What is required. Everything in the listing below except the pictures should be reproduced exactly.
BEGIN
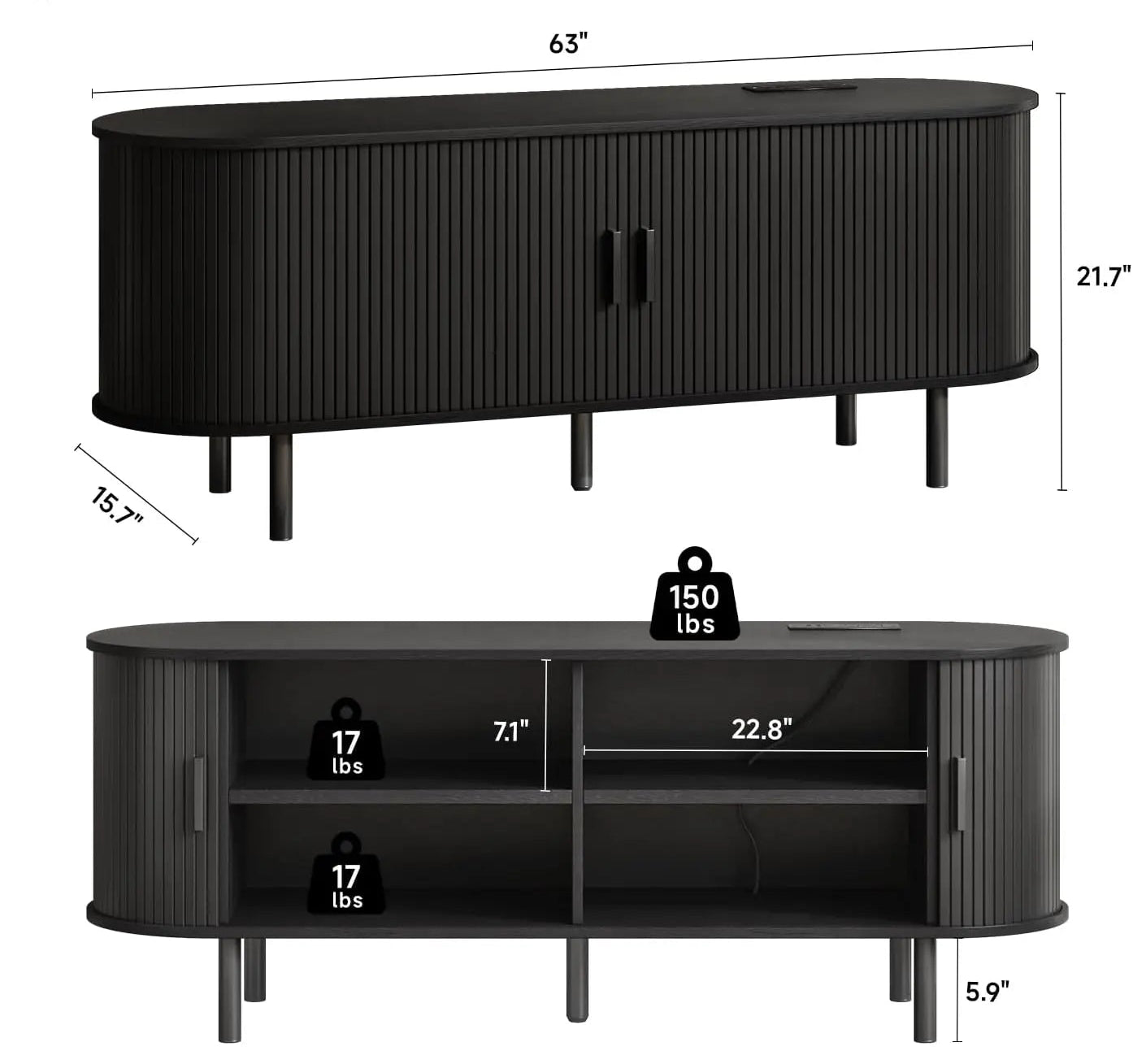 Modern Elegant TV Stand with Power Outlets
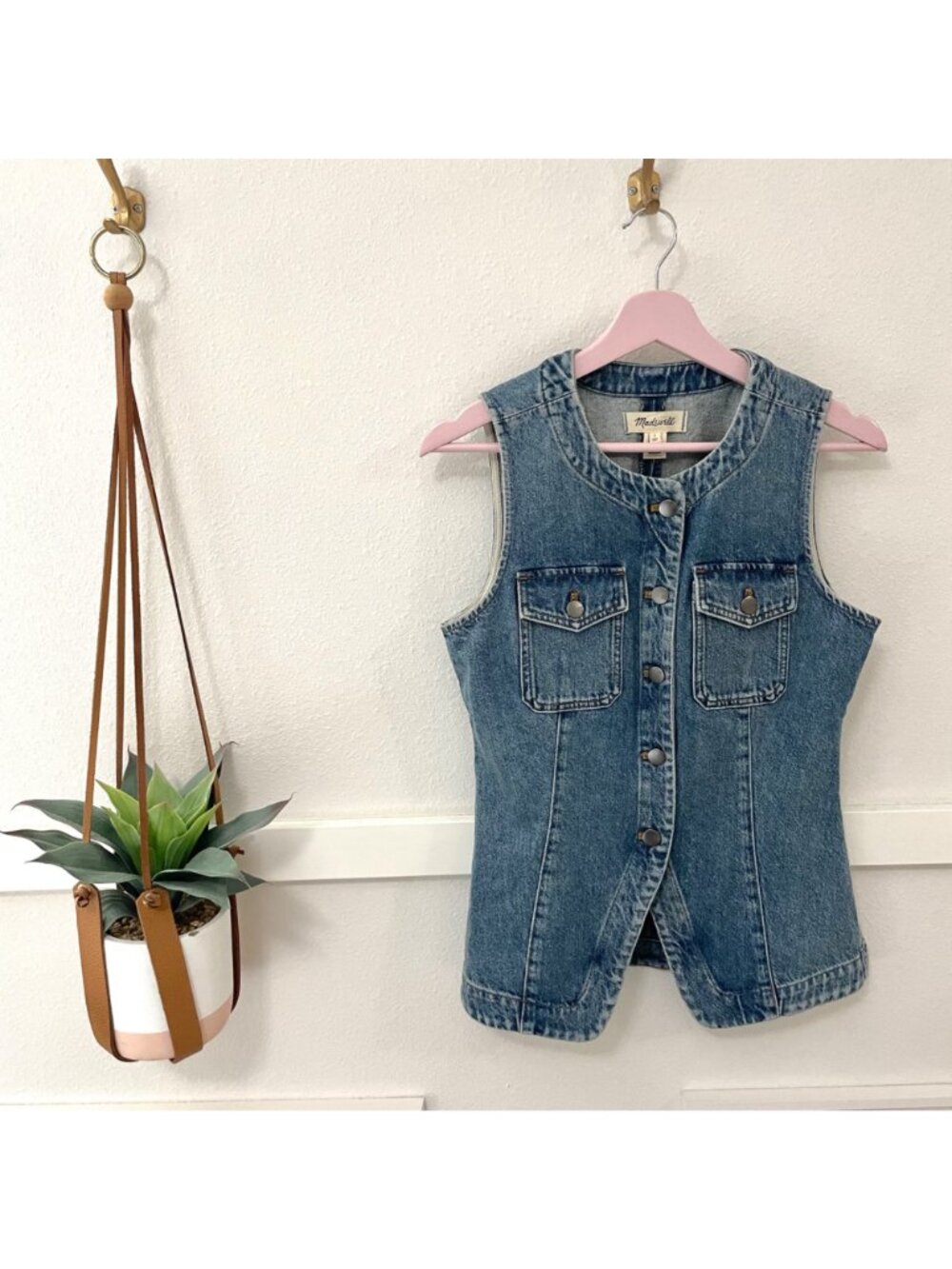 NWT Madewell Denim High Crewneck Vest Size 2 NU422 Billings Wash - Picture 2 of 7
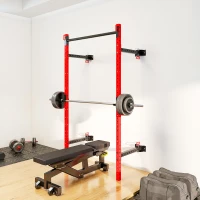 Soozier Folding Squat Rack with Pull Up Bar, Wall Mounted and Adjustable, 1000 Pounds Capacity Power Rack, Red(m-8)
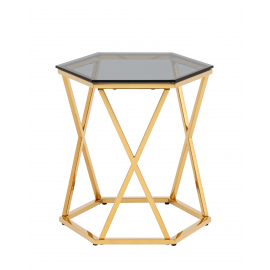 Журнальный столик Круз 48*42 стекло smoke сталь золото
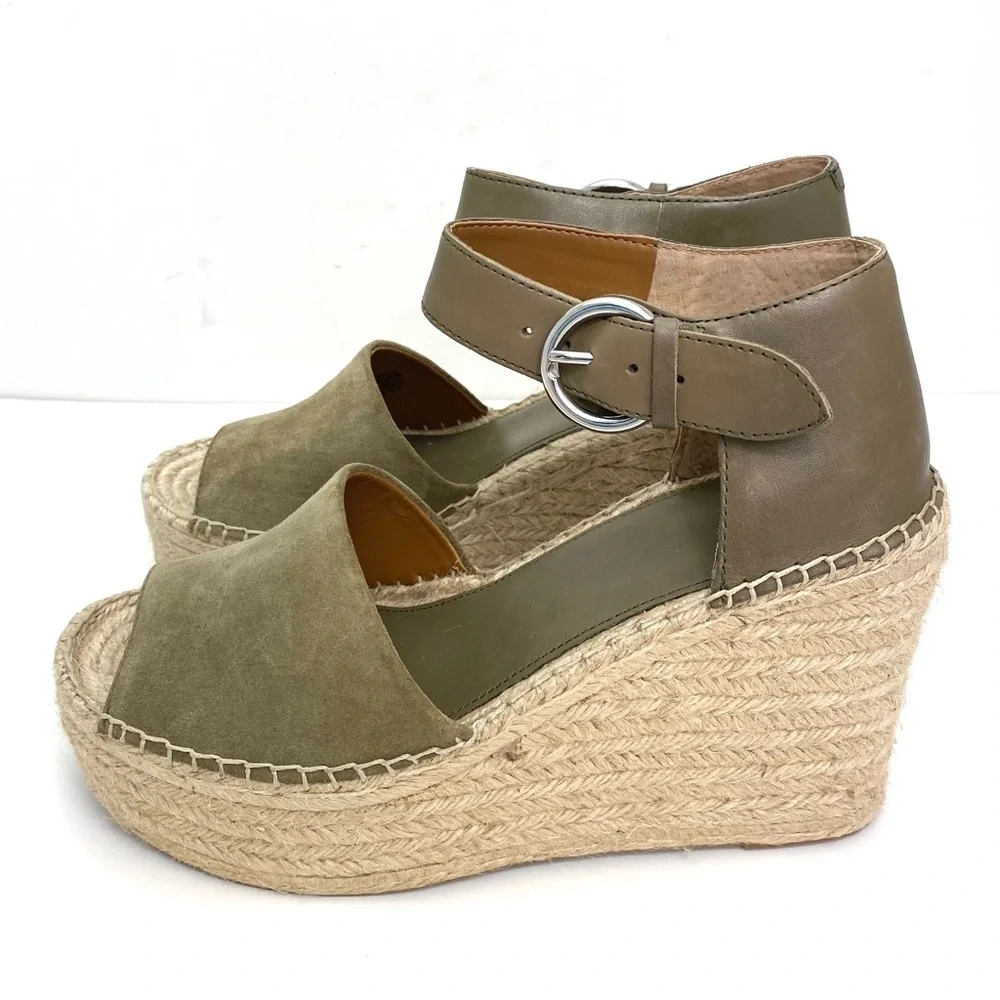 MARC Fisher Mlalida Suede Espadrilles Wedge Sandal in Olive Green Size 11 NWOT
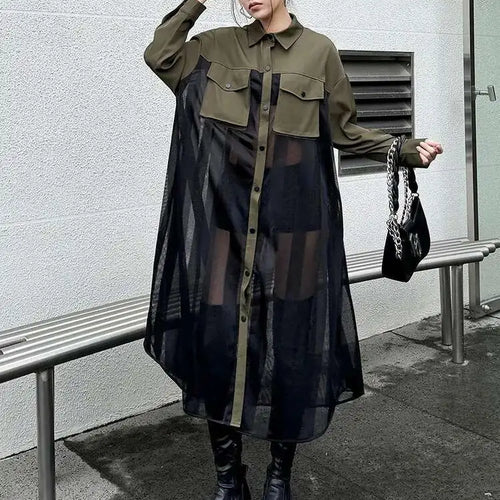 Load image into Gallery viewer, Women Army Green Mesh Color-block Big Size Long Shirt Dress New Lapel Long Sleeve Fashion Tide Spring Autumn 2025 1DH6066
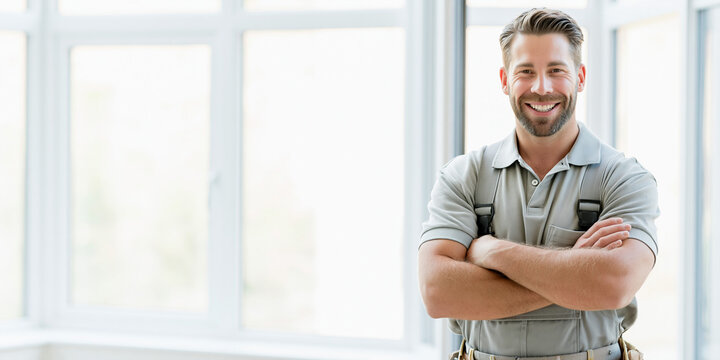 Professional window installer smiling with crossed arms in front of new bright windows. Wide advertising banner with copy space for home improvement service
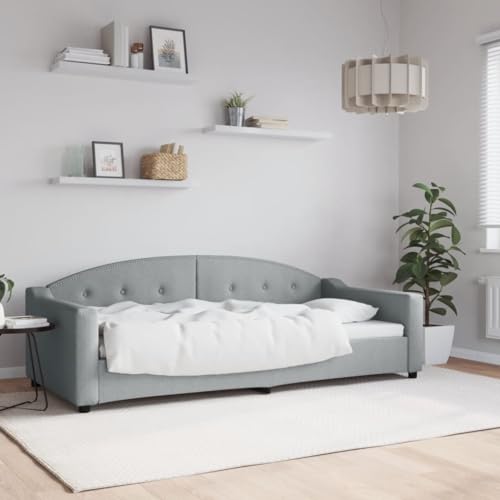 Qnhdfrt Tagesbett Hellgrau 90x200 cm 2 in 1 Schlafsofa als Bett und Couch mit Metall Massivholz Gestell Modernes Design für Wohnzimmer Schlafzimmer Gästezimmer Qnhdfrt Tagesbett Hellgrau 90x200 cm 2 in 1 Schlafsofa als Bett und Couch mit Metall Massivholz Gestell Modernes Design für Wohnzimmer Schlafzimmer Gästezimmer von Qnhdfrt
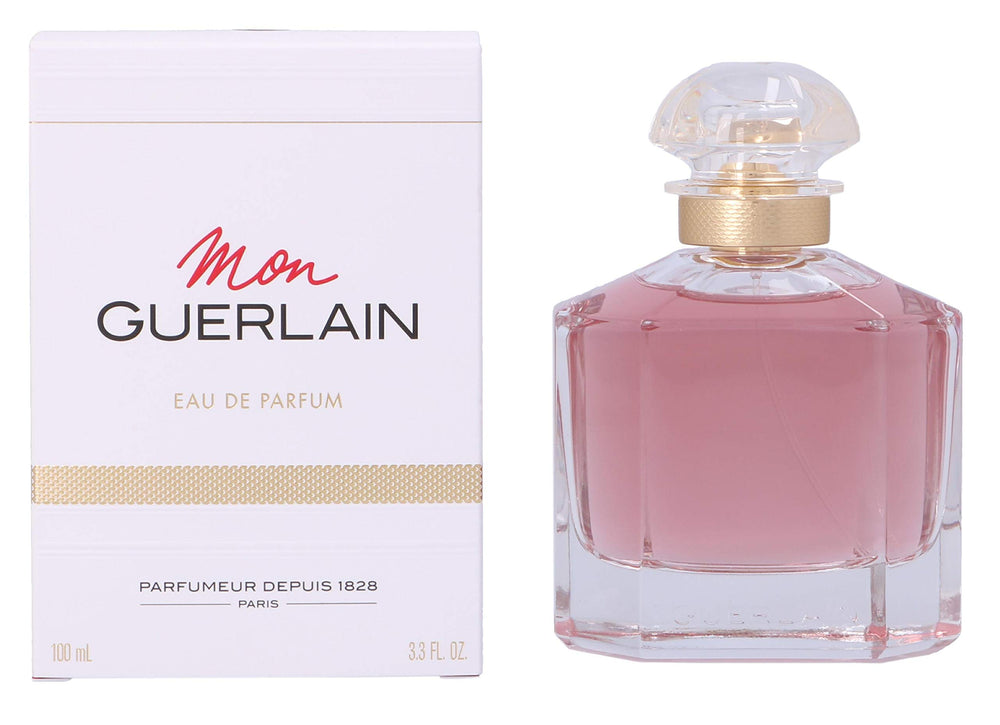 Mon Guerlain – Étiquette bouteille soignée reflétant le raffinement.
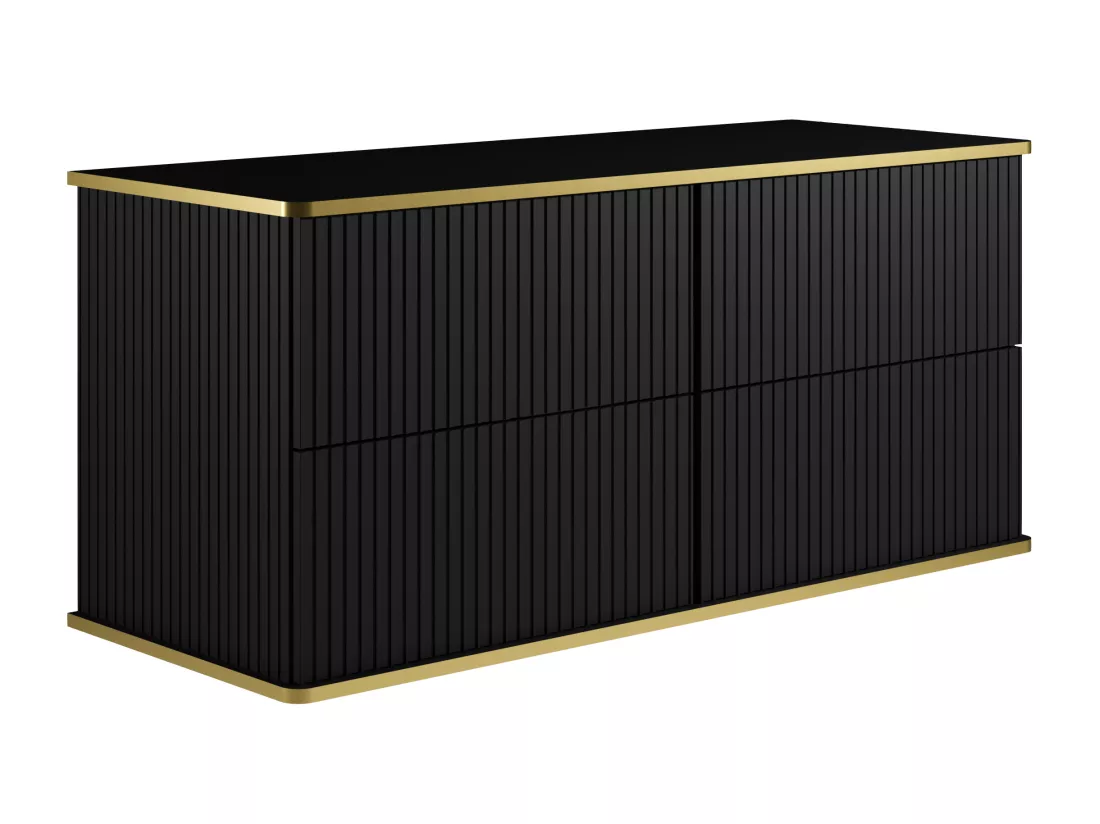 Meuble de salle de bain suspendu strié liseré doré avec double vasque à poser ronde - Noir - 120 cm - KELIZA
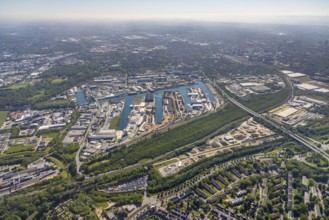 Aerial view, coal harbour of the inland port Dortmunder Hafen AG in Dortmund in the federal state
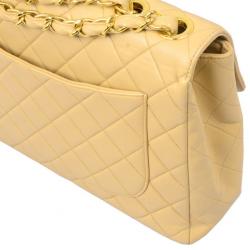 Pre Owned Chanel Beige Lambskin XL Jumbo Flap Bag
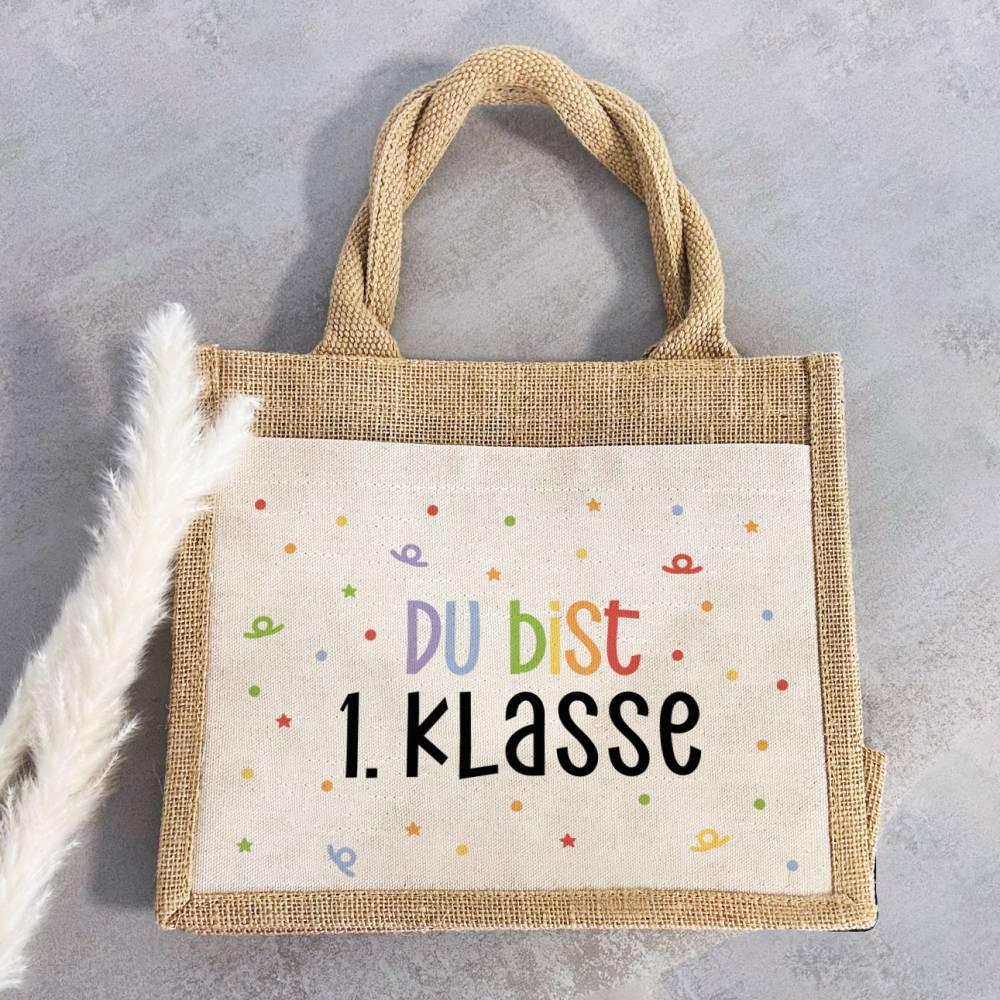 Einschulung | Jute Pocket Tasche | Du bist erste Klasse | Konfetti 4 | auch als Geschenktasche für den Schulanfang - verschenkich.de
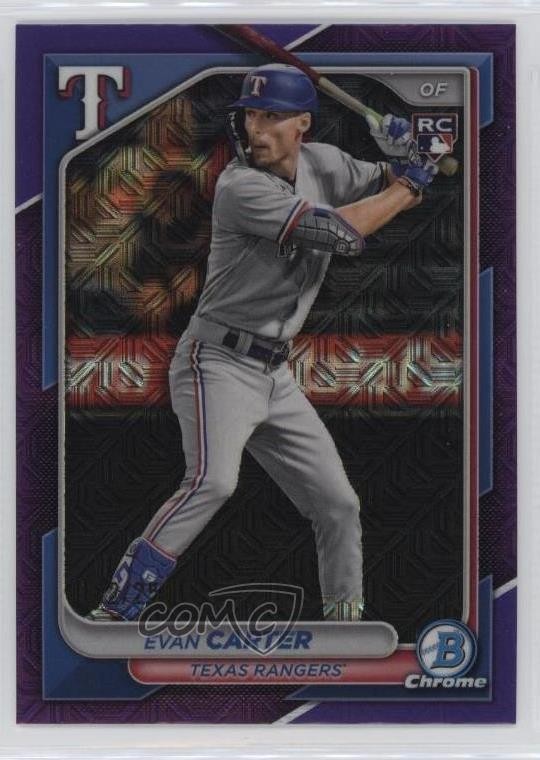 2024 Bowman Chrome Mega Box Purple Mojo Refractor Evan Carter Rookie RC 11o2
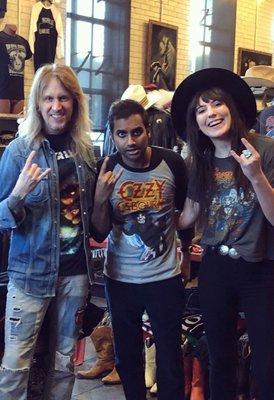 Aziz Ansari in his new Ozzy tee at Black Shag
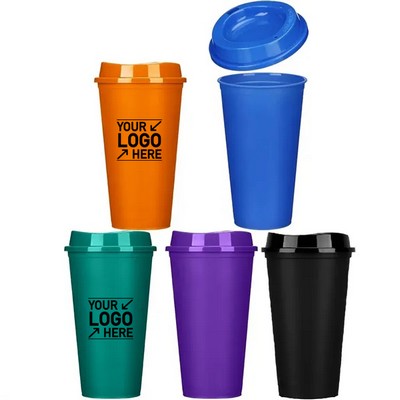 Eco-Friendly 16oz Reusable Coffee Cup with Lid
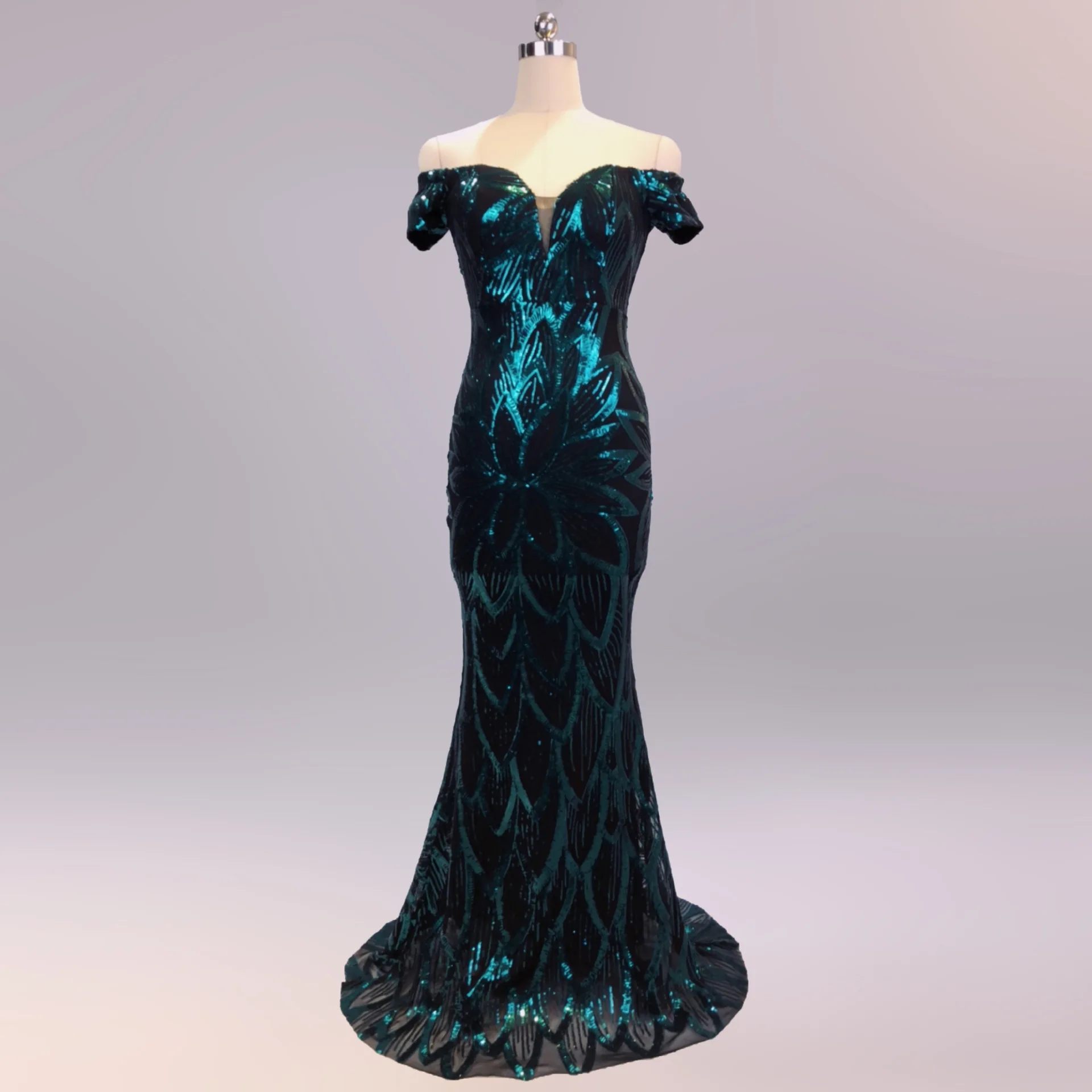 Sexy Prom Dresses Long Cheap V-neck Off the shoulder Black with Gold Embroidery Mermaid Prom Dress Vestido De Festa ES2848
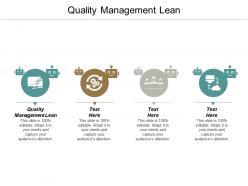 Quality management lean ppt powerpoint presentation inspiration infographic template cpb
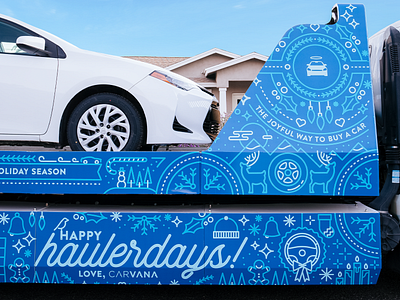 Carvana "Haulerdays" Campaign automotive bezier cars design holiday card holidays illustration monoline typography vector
END
Response area.
 Modern Elegant TV Stand with Power Outlets
 NWT Madewell Denim High Crewneck Vest Size 2 NU422 Billings Wash - Picture 2 of 7
 Soozier Folding Squat Rack with Pull Up Bar, Wall Mounted and Adjustable, 1000 Pounds Capacity Power Rack, Red(m-8)
 Журнальный столик Круз 48*42 стекло smoke сталь золото
 MARC Fisher Mlalida Suede Espadrilles Wedge Sandal in Olive Green Size 11 NWOT
 Load image into Gallery viewer, Women Army Green Mesh Color-block Big Size Long Shirt Dress New Lapel Long Sleeve Fashion Tide Spring Autumn 2025 1DH6066
 Professional window installer smiling with crossed arms in front of new bright windows. Wide advertising banner with copy space for home improvement service
 Qnhdfrt Tagesbett Hellgrau 90x200 cm 2 in 1 Schlafsofa als Bett und Couch mit Metall Massivholz Gestell Modernes Design für Wohnzimmer Schlafzimmer Gästezimmer Qnhdfrt Tagesbett Hellgrau 90x200 cm 2 in 1 Schlafsofa als Bett und Couch mit Metall Massivholz Gestell Modernes Design für Wohnzimmer Schlafzimmer Gästezimmer von Qnhdfrt
 Mon Guerlain – Étiquette bouteille soignée reflétant le raffinement.
 Meuble de salle de bain suspendu strié liseré doré avec double vasque à poser ronde - Noir - 120 cm - KELIZA
 Aerial view, coal harbour of the inland port Dortmunder Hafen AG in Dortmund in the federal state
 Pre Owned Chanel Beige Lambskin XL Jumbo Flap Bag
 Einschulung | Jute Pocket Tasche | Du bist erste Klasse | Konfetti 4 | auch als Geschenktasche für den Schulanfang - verschenkich.de
 2024 Bowman Chrome Mega Box Purple Mojo Refractor Evan Carter Rookie RC 11o2
 Aziz Ansari in his new Ozzy tee at Black Shag
 Eco-Friendly 16oz Reusable Coffee Cup with Lid
 Sexy Prom Dresses Long Cheap V-neck Off the shoulder Black with Gold Embroidery Mermaid Prom Dress Vestido De Festa ES2848
 Quality management lean ppt powerpoint presentation inspiration infographic template cpb
 Carvana "Haulerdays" Campaign automotive bezier cars design holiday card holidays illustration monoline typography vector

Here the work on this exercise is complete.